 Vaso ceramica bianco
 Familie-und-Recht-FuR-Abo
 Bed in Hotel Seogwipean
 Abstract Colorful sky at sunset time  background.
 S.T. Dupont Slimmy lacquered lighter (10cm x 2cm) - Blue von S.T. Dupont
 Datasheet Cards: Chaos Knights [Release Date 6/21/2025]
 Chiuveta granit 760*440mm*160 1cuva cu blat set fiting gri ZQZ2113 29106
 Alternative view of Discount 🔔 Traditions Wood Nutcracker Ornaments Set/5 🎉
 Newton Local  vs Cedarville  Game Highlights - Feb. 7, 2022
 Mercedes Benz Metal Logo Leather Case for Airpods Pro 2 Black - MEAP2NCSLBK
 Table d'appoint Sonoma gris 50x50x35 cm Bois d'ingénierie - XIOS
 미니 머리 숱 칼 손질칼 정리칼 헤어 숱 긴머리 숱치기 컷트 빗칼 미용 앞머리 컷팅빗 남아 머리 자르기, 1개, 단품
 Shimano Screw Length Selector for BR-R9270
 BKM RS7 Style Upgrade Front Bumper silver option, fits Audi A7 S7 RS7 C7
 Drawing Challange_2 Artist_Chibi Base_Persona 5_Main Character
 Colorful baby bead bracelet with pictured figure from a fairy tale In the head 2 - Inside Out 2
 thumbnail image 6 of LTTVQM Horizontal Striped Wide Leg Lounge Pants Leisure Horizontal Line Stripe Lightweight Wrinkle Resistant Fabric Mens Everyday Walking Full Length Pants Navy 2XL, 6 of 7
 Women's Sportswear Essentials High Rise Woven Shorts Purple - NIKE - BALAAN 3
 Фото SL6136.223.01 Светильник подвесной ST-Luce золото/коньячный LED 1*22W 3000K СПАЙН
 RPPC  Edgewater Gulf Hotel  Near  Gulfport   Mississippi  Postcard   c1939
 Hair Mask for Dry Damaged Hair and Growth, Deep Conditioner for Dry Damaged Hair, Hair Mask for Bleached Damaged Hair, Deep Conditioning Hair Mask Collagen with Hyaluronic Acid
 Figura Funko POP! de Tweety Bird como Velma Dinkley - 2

PROBLEM DESCRIPTION => Only one span is to be repeated: the line with "Familie-und-Recht-FuR-Abo" through the final line of the entries above, word for word.

ANSWER TO THE EXERCISE =>
 Familie-und-Recht-FuR-Abo
 Bed in Hotel Seogwipean
 Abstract Colorful sky at sunset time  background.
 S.T. Dupont Slimmy lacquered lighter (10cm x 2cm) - Blue von S.T. Dupont
 Datasheet Cards: Chaos Knights [Release Date 6/21/2025]
 Chiuveta granit 760*440mm*160 1cuva cu blat set fiting gri ZQZ2113 29106
 Alternative view of Discount 🔔 Traditions Wood Nutcracker Ornaments Set/5 🎉
 Newton Local  vs Cedarville  Game Highlights - Feb. 7, 2022
 Mercedes Benz Metal Logo Leather Case for Airpods Pro 2 Black - MEAP2NCSLBK
 Table d'appoint Sonoma gris 50x50x35 cm Bois d'ingénierie - XIOS
 미니 머리 숱 칼 손질칼 정리칼 헤어 숱 긴머리 숱치기 컷트 빗칼 미용 앞머리 컷팅빗 남아 머리 자르기, 1개, 단품
 Shimano Screw Length Selector for BR-R9270
 BKM RS7 Style Upgrade Front Bumper silver option, fits Audi A7 S7 RS7 C7
 Drawing Challange_2 Artist_Chibi Base_Persona 5_Main Character
 Colorful baby bead bracelet with pictured figure from a fairy tale In the head 2 - Inside Out 2
 thumbnail image 6 of LTTVQM Horizontal Striped Wide Leg Lounge Pants Leisure Horizontal Line Stripe Lightweight Wrinkle Resistant Fabric Mens Everyday Walking Full Length Pants Navy 2XL, 6 of 7
 Women's Sportswear Essentials High Rise Woven Shorts Purple - NIKE - BALAAN 3
 Фото SL6136.223.01 Светильник подвесной ST-Luce золото/коньячный LED 1*22W 3000K СПАЙН
 RPPC  Edgewater Gulf Hotel  Near  Gulfport   Mississippi  Postcard   c1939
 Hair Mask for Dry Damaged Hair and Growth, Deep Conditioner for Dry Damaged Hair, Hair Mask for Bleached Damaged Hair, Deep Conditioning Hair Mask Collagen with Hyaluronic Acid
 Figura Funko POP! de Tweety Bird como Velma Dinkley - 2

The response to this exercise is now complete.